Siemens' CTO to Reveal Proper Use of PMGs to Increase Wind Turbine Durability
Henrik Stiesdal, Chief Technology Officer of Siemens Wind Power will use his seminar at CWIEME Berlin to reveal how permanent magnet generators (PMGs) can be used in an affordable way to increase the durability of wind turbines.
It's a well-known principle of engineering that the more components in a mechanism, the more likely it is to break down. And in the world of wind power, breakdowns at a height of more than a hundred meters and potentially several hundred kilometers out to sea are not easy to fix. That's why for the past few decades turbine manufacturers such as Siemens Wind Power have been working to eliminate the most complicated and, therefore, sensitive element – the gearbox – by replacing it with a direct drive system. These direct drive systems, powered by a permanent magnet generator, could run for years without maintenance – significantly increasing uptime.
Around half of the annual output of Siemens wind turbines now feature permanent magnet generators – they are incorporated into all new models as standard – but while Siemens may not have been the first company to enter this new era of wind power, CTO Henrik Stiesdal believes the company has found the key to increasing its competiveness.
"The Siemens claim to fame is that we have developed a simple and easy-to-industrialize machine that could significantly bring down energy costs," he says.
The technology behind this achievement will be the focus of a seminar by Mr. Stiesdal in June at CWIEME Berlin – the world's largest meeting place for the coil winding, insulation and electrical manufacturing communities. One of the most important design features to be discussed is the balance of rare metals in the magnet generator and their eventual eradication.
"Two rare earths are used in the magnet – one is difficult and costly to source, while the other is not," says Mr. Stiesdal. "In my seminar I will explain how we have managed to decrease the share of the truly ‘rare' rare earth and will eventually eliminate it from the magnets we make in a few years' time." By only using affordable materials Siemens aims to make on-shore turbines directly competitive with fossil fuels in the next few years – and off-shore turbines within the next decade.

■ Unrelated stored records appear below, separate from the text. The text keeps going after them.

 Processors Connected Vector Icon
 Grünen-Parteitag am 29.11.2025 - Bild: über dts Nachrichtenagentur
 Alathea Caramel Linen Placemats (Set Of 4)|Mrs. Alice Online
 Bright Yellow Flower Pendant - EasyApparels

Henrik Stiesdal is celebrated as one of the pioneers of the modern wind industry. The 57-year-old Dane built his first small wind turbine in 1976 and designed one of the first commercial wind turbines, licensed to Vestas in 1979. Mr. Stiesdal worked as consultant for Vestas until he joined Siemens Wind Power in 1987. During his 25 years at the company Mr. Stiesdal has been involved in all aspects of wind turbine technology as well as other business activities such as sales, manufacturing, project implementation, service and quality management. Mr. Stiesdal has more than 200 patents to his name and has received several awards including 2008 Siemens Inventor of the Year, 2010 Siemens Top Innovator and the EWEA Poul la Cour Prize in 2011.

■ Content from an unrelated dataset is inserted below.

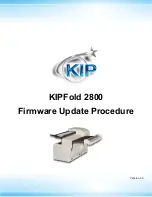 KIP KIPFold 2800 Firmware Update Procedure preview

"It is a huge coup for us to have Mr. Stiesdal as part of our seminar programme for CWIEME Berlin 2014," says Chloe Theobald, content manager for CWIEME Berlin. "He is the industry authority on wind power technology and has so many invaluable insights to share with our guests at this year's show."
Mr. Stiesdal will be presenting his seminar on ‘The gearless evolution of wind turbine generators' at CWIEME Central on Thursday 26th June, 10:00-10:40 CEST.